Note that the first magnetic sensor and the second magnetic sensor are collectively referred to as a magnetic sensor group.

FIG. 8 shows the waveform of the output voltage of the magnetic sensor. Curve A is the output waveform at midpoint A of the first magnetic sensor 21, and curve B is the output waveform of the second magnetic sensor 22.
This is the output waveform at the midpoint B of . Second magnetic sensor 2
When the midpoint B of 2 is connected to the inverting input terminal of the differential amplifier 23, the difference between the output of the first magnetic sensor 21 and the output of the second magnetic sensor 22 is determined as the output of the differential amplifier 23. An output as shown by the broken line in FIG. 8 is obtained. The output is applied to a comparator 15 and compared with a reference voltage REF to obtain a one-rotation detection signal.

The output of the differential amplifier 23 has a steep rise and fall compared to the curve A or B.
3 and the comparator 15, the fluctuations due to changes in the environment are reduced.

FIG. 9 shows another arrangement example of the components of the magnetic sensor group. With such an arrangement, it is possible to avoid intersection of the first magnetic sensor and the second magnetic sensor as in the magnetic sensor shown in FIG. 7.

Effects of the Invention According to the present invention, the output waveform of the magnetic sensor group can be made steep, and a more stable and accurate detection signal of the pulse position can be obtained.

[Brief explanation of drawings]

FIG. 1 is a diagram showing the relationship between an electric motor and a one-rotation detection device for explaining the background art of the present invention, FIG. 2 is a diagram showing the configuration of a conventional one-rotation detection device, and FIG. FIG. 4 is a perspective view showing the configuration of the magnetic sensor in FIG. 2;
FIG. 5 is a waveform diagram of the output of the magnetic sensor of the device shown in FIG.
The figure is a perspective view showing the configuration of the magnetic sensor group in the device shown in FIG. 6, FIG. 8 is a waveform diagram in the device shown in FIG. 6, and FIG. 9 is a perspective view showing another example of the structure of the magnetic sensor group. be. 11...Electric motor, 12...Shaft, 13...Disc,
14... Magnetic sensor, 15... Comparator, 16,1
7... Permanent magnet, 21... First magnetic sensor, 2
2...Second magnetic sensor, 23...Differential amplifier.

Claims (1)

[Claims] 1. Detecting changing magnetic fields by a disk made of a ferromagnetic material that is attached to the shaft of an electric motor and has one groove, and a group of magnetic sensors installed close to the disk. In the one-rotation detection method of an electric motor, the magnetic sensor group includes a first magnetic sensor and a second magnetic sensor, and each of the first and second magnetic sensors includes two magnetic sensors.
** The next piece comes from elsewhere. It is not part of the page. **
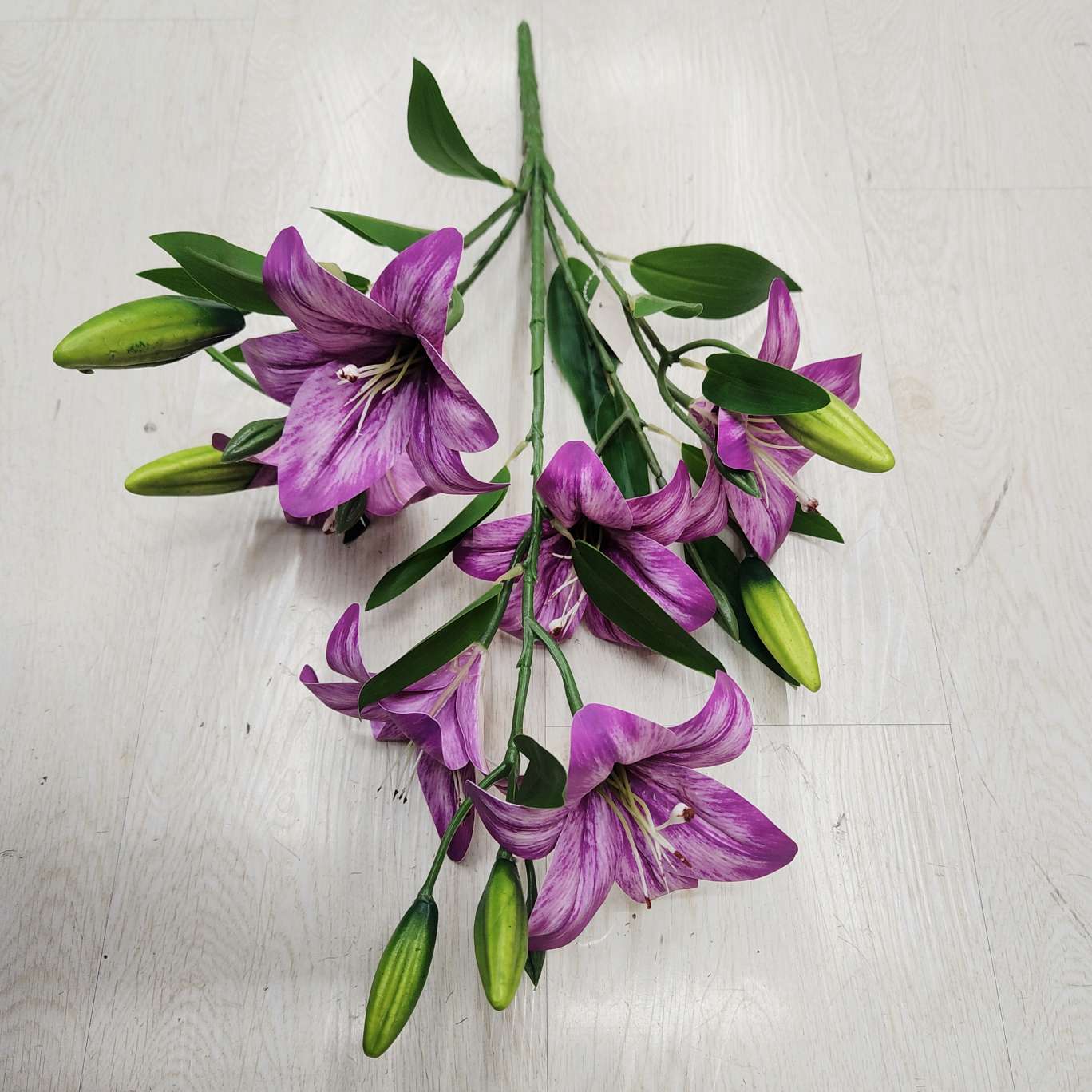 5叉3D带花苞百合办公文化仿真园艺花礼盒 仿真花毛线钩织簪花毛线花装饰品详情图3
Consists of elements,
The two magnetic sensor elements are arranged at intervals equal to the width of the groove in the rotational direction of the disk, and the two magnetic sensor elements are connected in series so that the absolute values of the output waveforms are added to each other. The distance between the mounting positions of the first magnetic sensor and the second magnetic sensor is set to 1/2 the width of the groove of the disc in the rotation direction of the disc,
A method for detecting one rotation of an electric motor, which detects a difference between outputs of the first magnetic sensor and the second magnetic sensor.